Exercise goal: All the lines below need retyping exactly, apart from the images.

Supplied material:
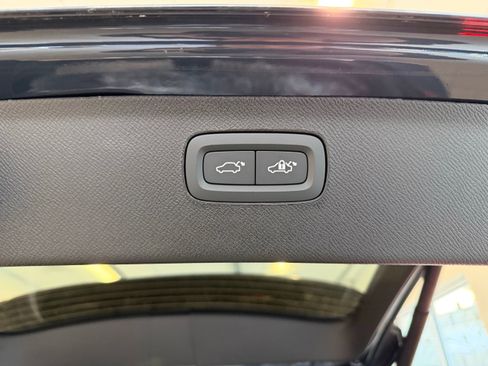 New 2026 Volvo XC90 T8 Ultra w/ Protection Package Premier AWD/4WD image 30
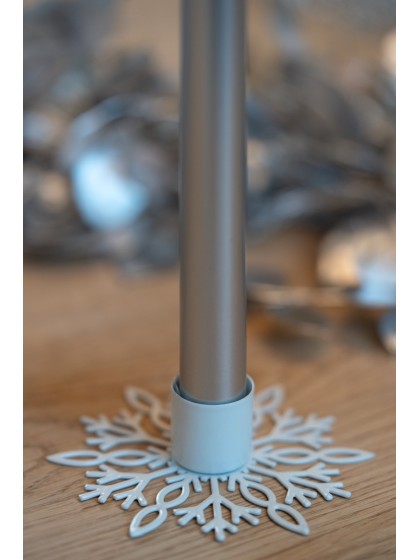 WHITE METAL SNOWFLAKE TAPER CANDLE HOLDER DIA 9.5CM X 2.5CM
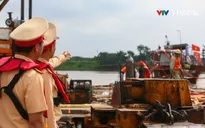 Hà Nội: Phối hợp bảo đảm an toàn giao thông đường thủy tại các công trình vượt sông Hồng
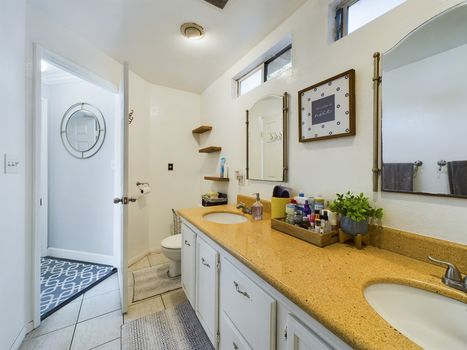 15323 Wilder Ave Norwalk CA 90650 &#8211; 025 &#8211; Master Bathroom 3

Exercise solution:
 New 2026 Volvo XC90 T8 Ultra w/ Protection Package Premier AWD/4WD image 30
 WHITE METAL SNOWFLAKE TAPER CANDLE HOLDER DIA 9.5CM X 2.5CM
 Hà Nội: Phối hợp bảo đảm an toàn giao thông đường thủy tại các công trình vượt sông Hồng
 15323 Wilder Ave Norwalk CA 90650 &#8211; 025 &#8211; Master Bathroom 3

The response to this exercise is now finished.